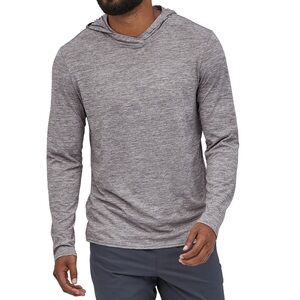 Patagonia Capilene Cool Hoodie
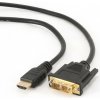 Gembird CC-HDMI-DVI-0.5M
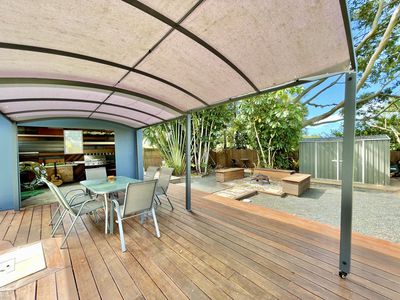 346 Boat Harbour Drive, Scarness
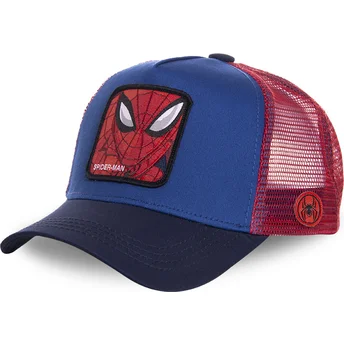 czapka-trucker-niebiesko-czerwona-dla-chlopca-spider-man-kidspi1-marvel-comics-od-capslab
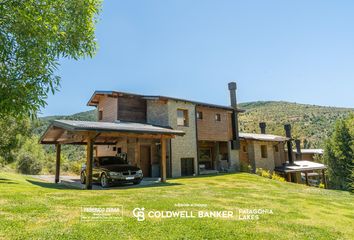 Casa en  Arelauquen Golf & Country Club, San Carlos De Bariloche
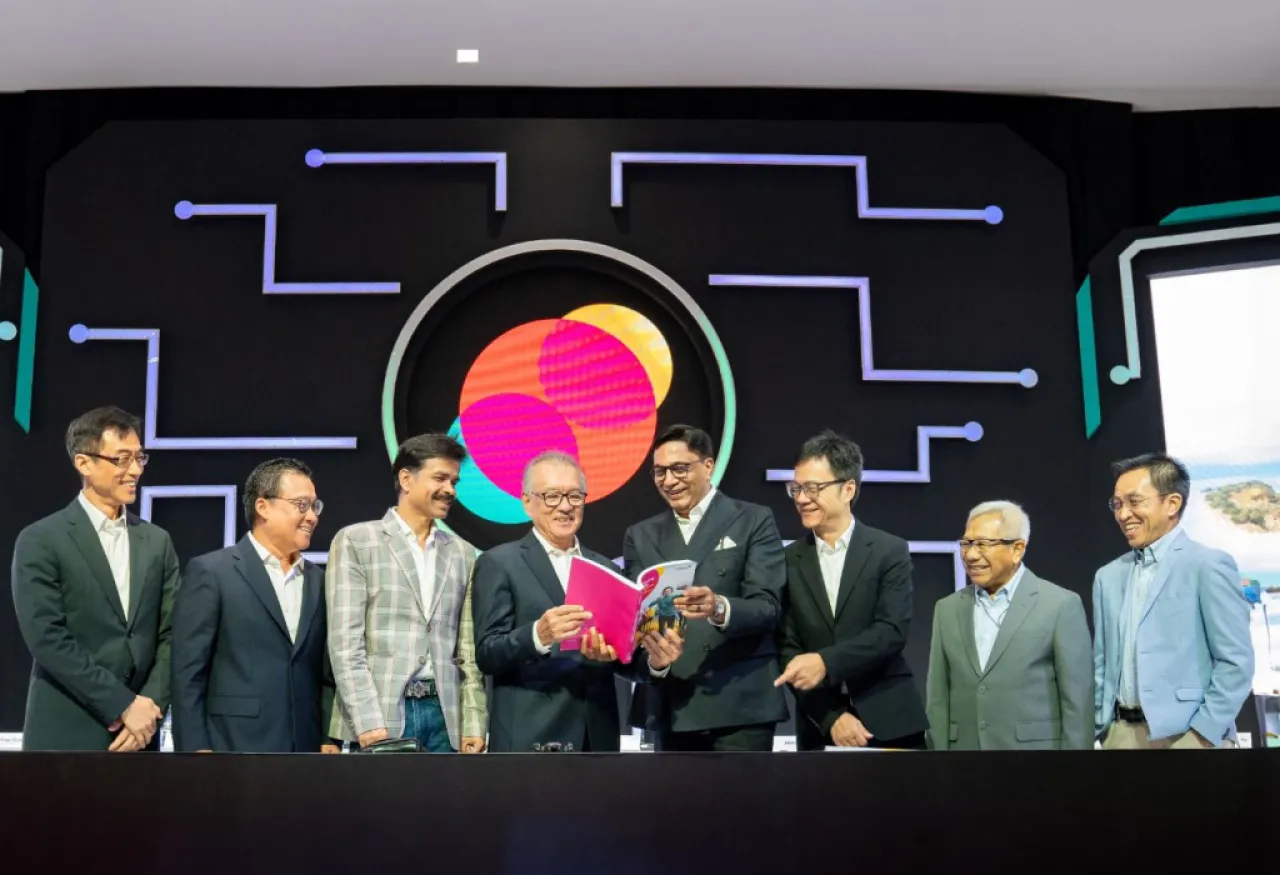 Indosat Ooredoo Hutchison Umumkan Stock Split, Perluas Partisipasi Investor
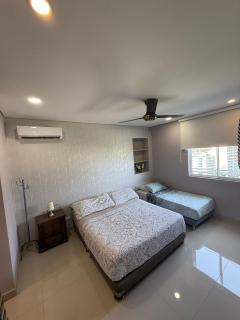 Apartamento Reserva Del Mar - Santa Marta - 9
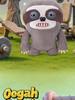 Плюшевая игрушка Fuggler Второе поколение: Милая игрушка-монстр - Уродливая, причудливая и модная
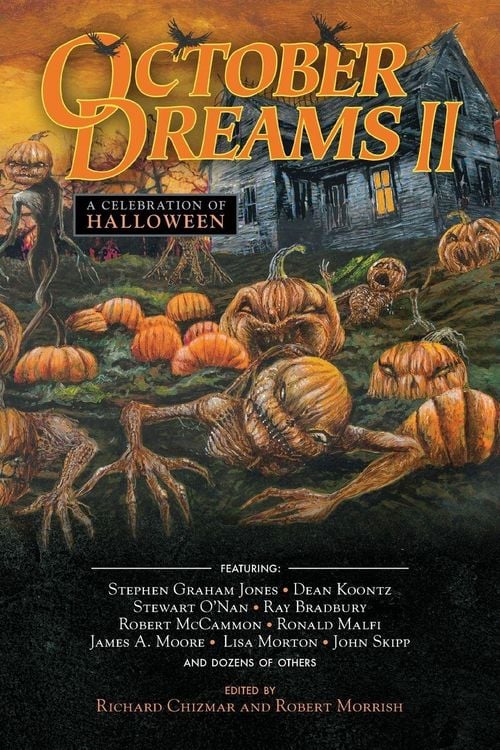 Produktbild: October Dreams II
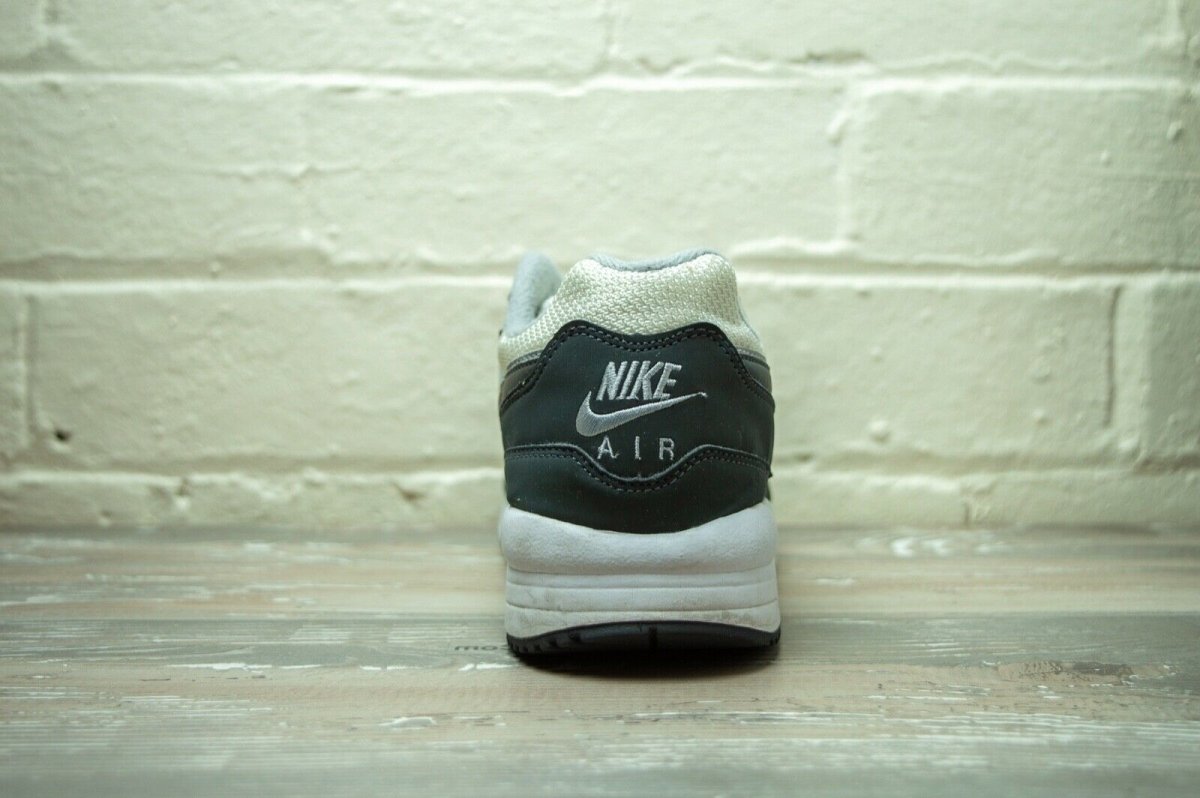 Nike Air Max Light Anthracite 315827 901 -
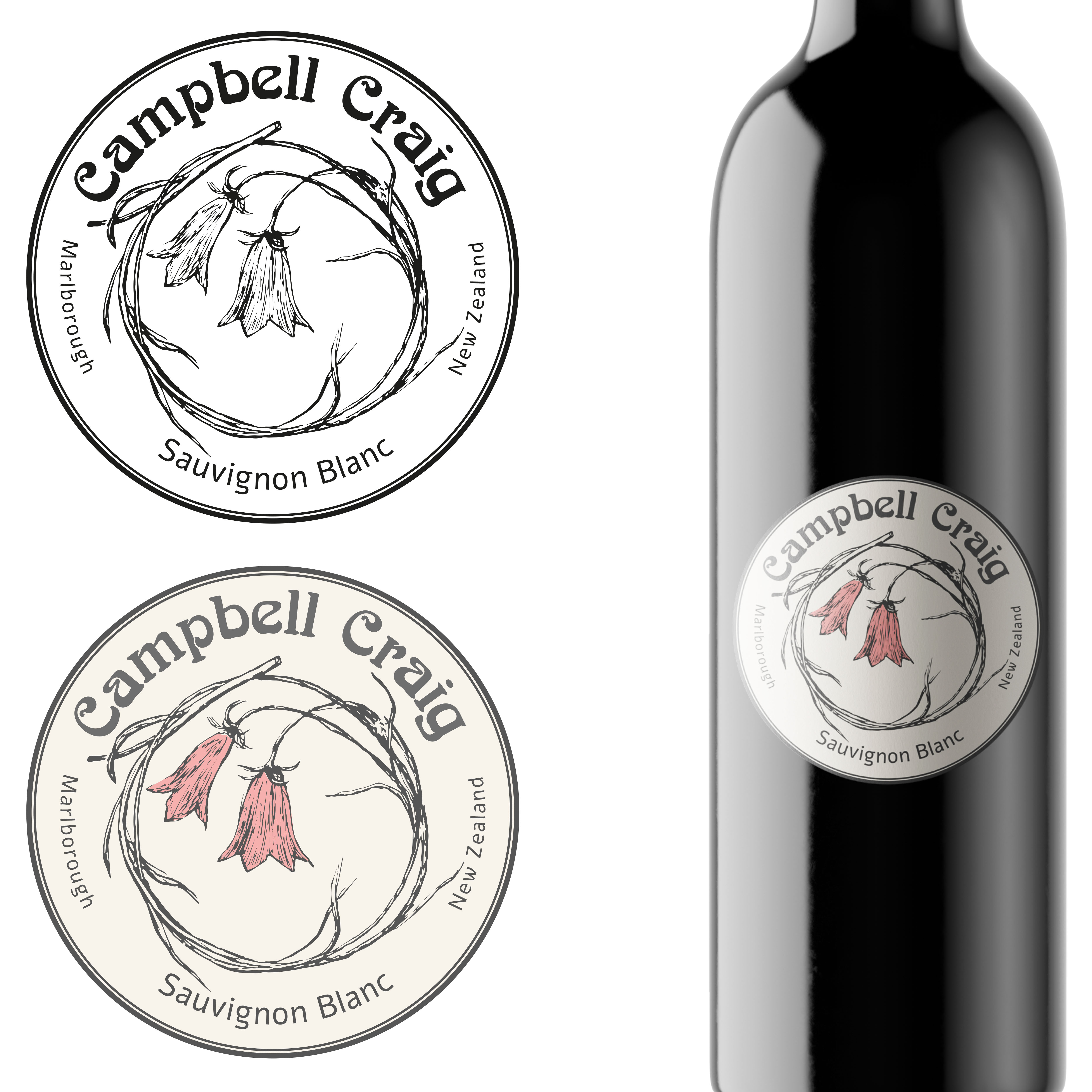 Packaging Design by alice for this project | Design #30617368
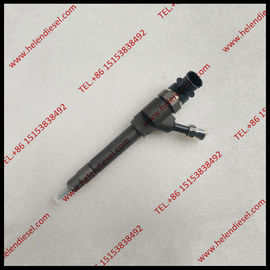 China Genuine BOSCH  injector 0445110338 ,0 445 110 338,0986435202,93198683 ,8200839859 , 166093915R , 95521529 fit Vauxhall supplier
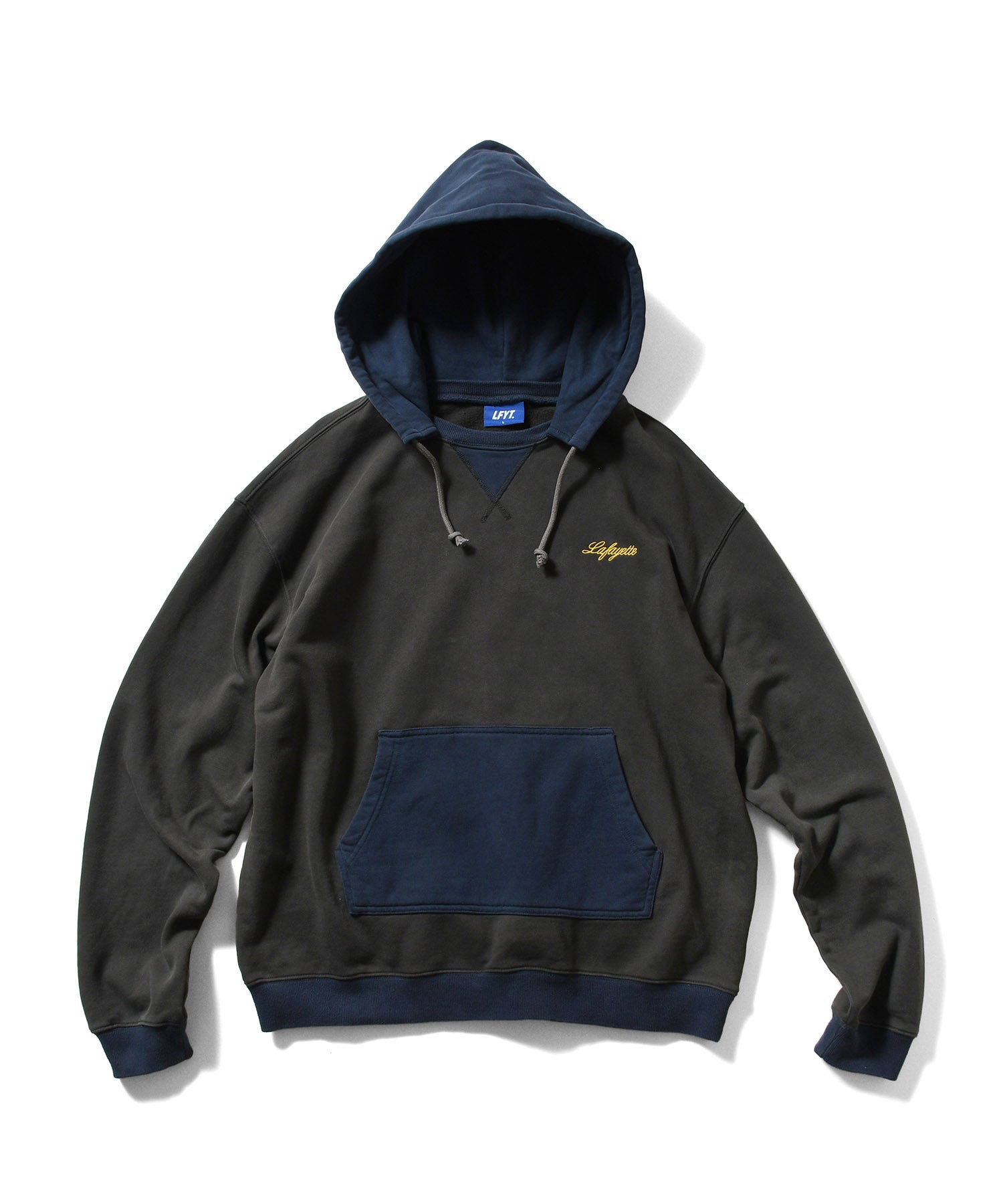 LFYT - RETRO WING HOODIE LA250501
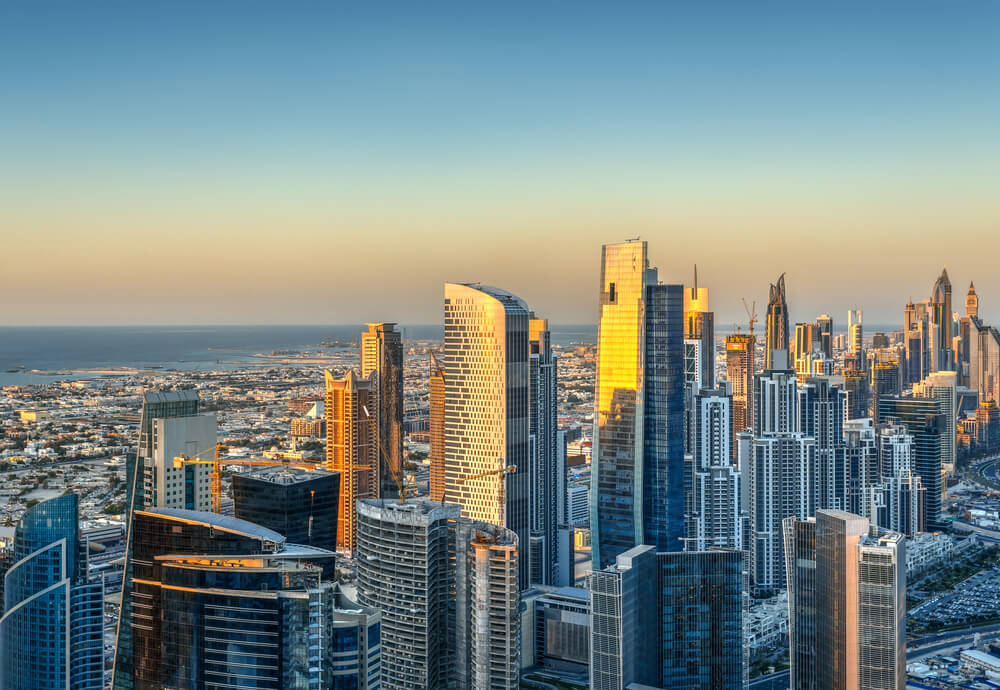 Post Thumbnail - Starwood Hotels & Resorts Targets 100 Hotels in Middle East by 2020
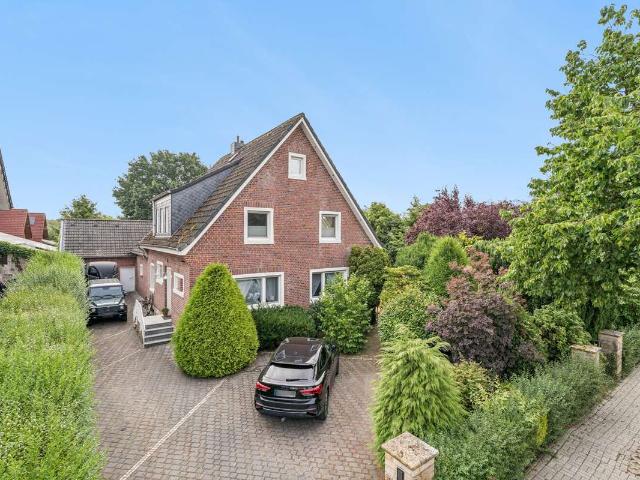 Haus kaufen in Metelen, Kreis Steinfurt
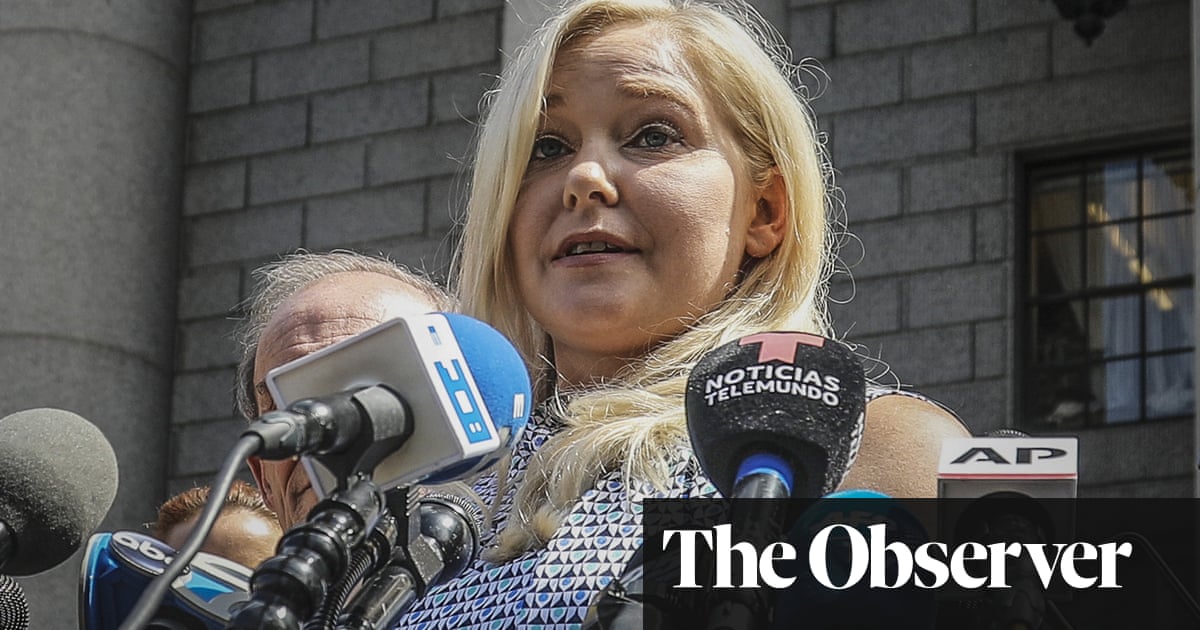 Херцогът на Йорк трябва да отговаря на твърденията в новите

◆ ◆ ◆ ◆ ◆ ◆ ◆

• **Task to complete**: Apart from the images, every line above is to be given again exactly.

• **Solution to this task**:
 Patagonia Capilene Cool Hoodie
 Gembird CC-HDMI-DVI-0.5M
 346 Boat Harbour Drive, Scarness
 czapka-trucker-niebiesko-czerwona-dla-chlopca-spider-man-kidspi1-marvel-comics-od-capslab
 Casa en  Arelauquen Golf & Country Club, San Carlos De Bariloche
 Indosat Ooredoo Hutchison Umumkan Stock Split, Perluas Partisipasi Investor
 Apartamento Reserva Del Mar - Santa Marta - 9
 Плюшевая игрушка Fuggler Второе поколение: Милая игрушка-монстр - Уродливая, причудливая и модная
 Produktbild: October Dreams II
 Nike Air Max Light Anthracite 315827 901 -
 Packaging Design by alice for this project | Design #30617368
 China Genuine BOSCH  injector 0445110338 ,0 445 110 338,0986435202,93198683 ,8200839859 , 166093915R , 95521529 fit Vauxhall supplier
 LFYT - RETRO WING HOODIE LA250501
 Post Thumbnail - Starwood Hotels & Resorts Targets 100 Hotels in Middle East by 2020
 Haus kaufen in Metelen, Kreis Steinfurt
 Херцогът на Йорк трябва да отговаря на твърденията в новите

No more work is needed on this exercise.